◆ WHAT THE TASK ASKS:
Word for word, restate the lines of the data below between those holding "Image showing Window" and "Толстовка оверсайз женская", inclusive; pictures do not belong in the copy.

[DATA FOR PROCESSING]

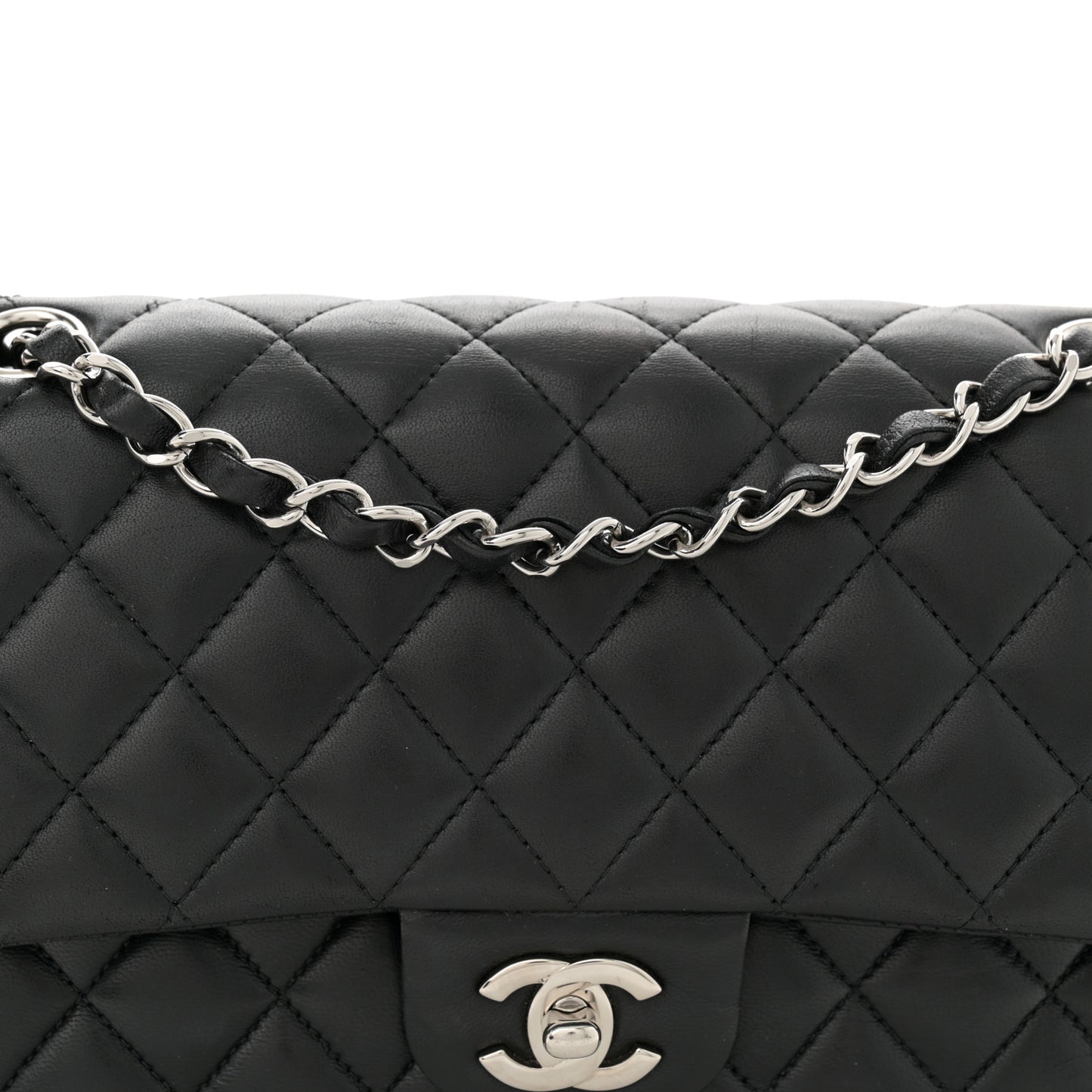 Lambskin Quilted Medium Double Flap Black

[/DATA FOR PROCESSING]
[DATA FOR PROCESSING]

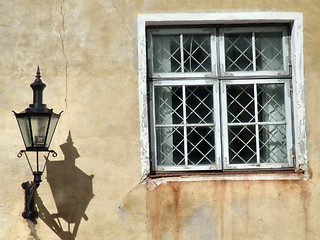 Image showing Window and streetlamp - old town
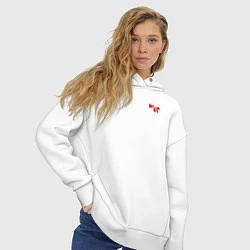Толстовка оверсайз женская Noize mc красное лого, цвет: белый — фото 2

[/DATA FOR PROCESSING]
[DATA FOR PROCESSING]

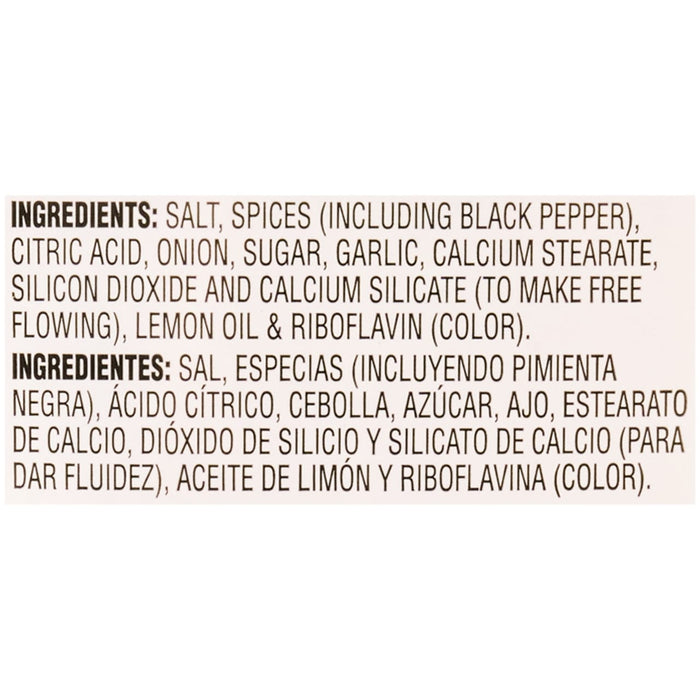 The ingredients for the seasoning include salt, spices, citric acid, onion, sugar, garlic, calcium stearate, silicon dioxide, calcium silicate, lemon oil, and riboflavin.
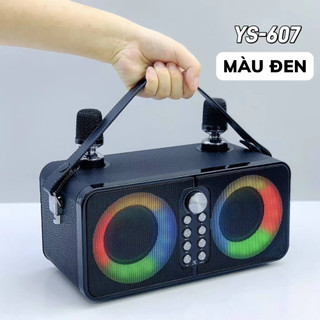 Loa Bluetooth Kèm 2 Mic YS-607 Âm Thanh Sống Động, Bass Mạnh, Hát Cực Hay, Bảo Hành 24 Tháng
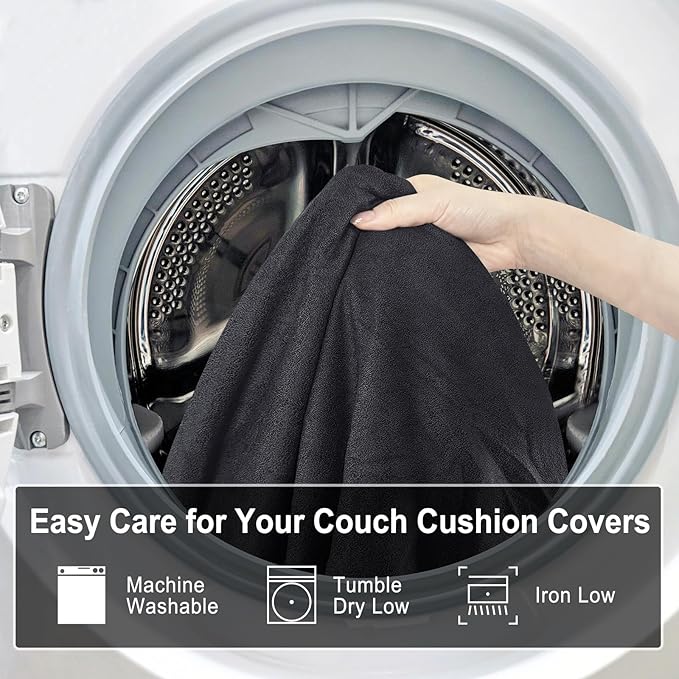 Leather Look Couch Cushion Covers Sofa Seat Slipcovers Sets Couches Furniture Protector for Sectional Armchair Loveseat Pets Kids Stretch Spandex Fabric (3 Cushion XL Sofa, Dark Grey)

[/DATA FOR PROCESSING]

◆ EXERCISE SOLUTION:
 Image showing Window and streetlamp - old town
Толстовка оверсайз женская Noize mc красное лого, цвет: белый — фото 2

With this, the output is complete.